Keywords: decision tree, classification tree, interactive decision tree, spad, sipina, r software
Tutorial: en_Tanagra_Arbres_IDT_Spad.pdf
Dataset: pima-arbre-spad.zip
References :
SPAD, http://www.spad.eu/
SIPINA, http://eric.univ-lyon2.fr/~ricco/sipina.html
R Project, http://www.r-project.org/

Monday, July 12, 2010

Supervised learning from imbalanced dataset

In real problems, the classes are not equally represented in dataset. The instances corresponding to positive class, the one that we want to detect often, are few. For instance, in a fraud detection problem, there are a very few cases of fraud comparing to the large number of honest connections; in a medical problem, the ill persons are fortunately rare; etc. In these situations, using the standard learning process and assessing the classifier with the confusion matrix and the misclassification rate are not appropriate. We observe that the default classifier consisting to assign all the instances to the majority class is the one which minimizes the error rate.

For the dataset that we analyze in this tutorial, 1.77% of all the examples belong to the positive class. If we assign all the instances to the negative class - this is the default classifier - the misclassification rate is 1.77%. It is difficult to find a classifier which is able to do better. Even if we know that we have not a good classifier, especially because it does not supply a degree of membership to the classes (Note: in fact, it assigns the same degree of membership to all the instances).

A strategy enables to improve the behavior of the learning algorithms facing to the imbalance problem is to artificially balance the dataset. We can do this by eliminating some instances of the over-sized class (downsizing) or by duplicating some instances of the small class (over sampling). But few persons analyze the consequence of this solution on the performance of the classifier.
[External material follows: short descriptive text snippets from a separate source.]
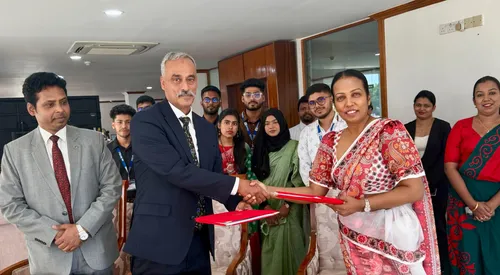 An MoU was signed by Mr. Muhammad Farooque, Member of the Board of Trustee, RPSU and dr. Sajeewanie Liyana-arachchi, Vice Chancellor, KIU during the visit to Sri Lanka.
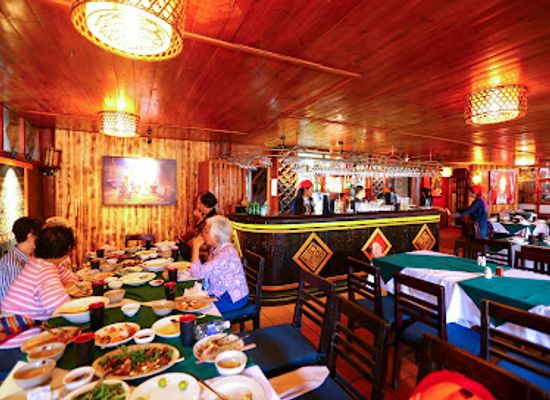 vietnam/sapa/restaurant/red-dzao-house
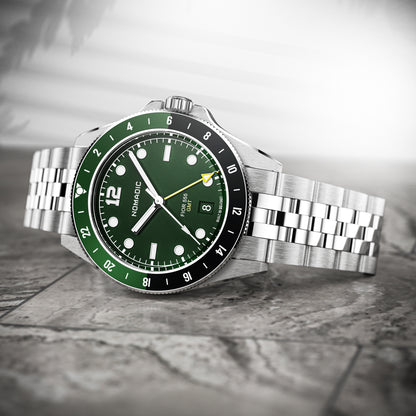 Fíor 555 - GMT Watch (41mm) - Emerald Abyss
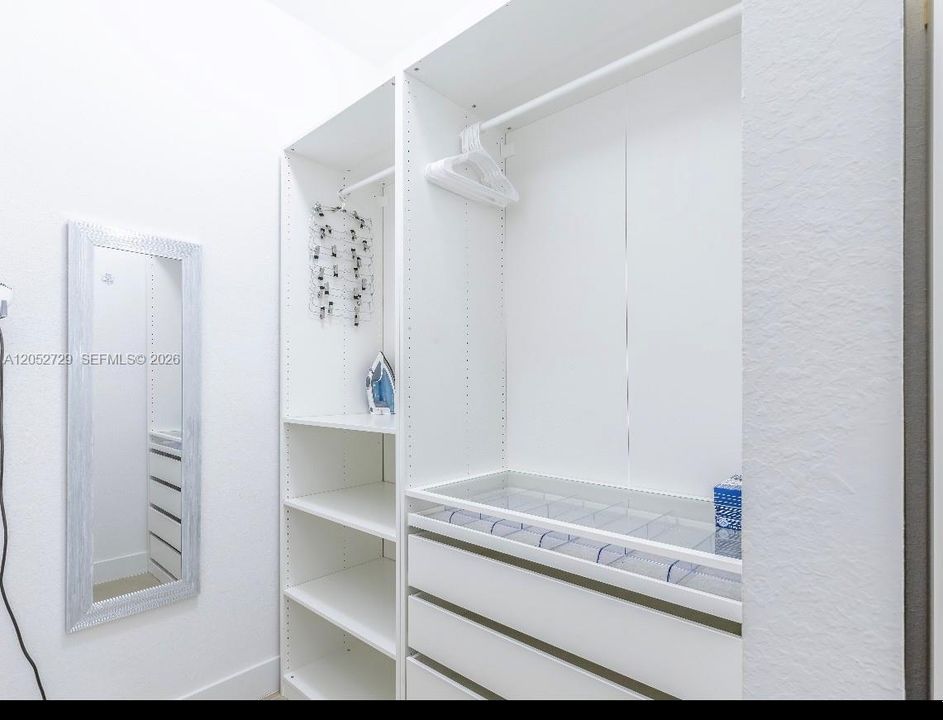 На продажу: $980,000 (4 спален, 3 ванн, 2511 Квадратных фут)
In this tutorial, we highlight the consequences of the downsizing on the behavior of the logistic regression.

Keywords: imbalanced dataset, logistic regression, over sampling, under sampling
Components: BINARY LOGISTIC REGRESSION, DISCRETE SELECT EXAMPLES, SCORING, RECOVER EXAMPLES, ROC CURVE, TEST
Tutorial : en_Tanagra_Imbalanced_Dataset.pdf
Dataset : imbalanced_dataset.xls
References :
D. Hosmer, S. Lemeshow, « Applied Logistic Regression », John Wiley &Sons, Inc, Second Edition, 2000.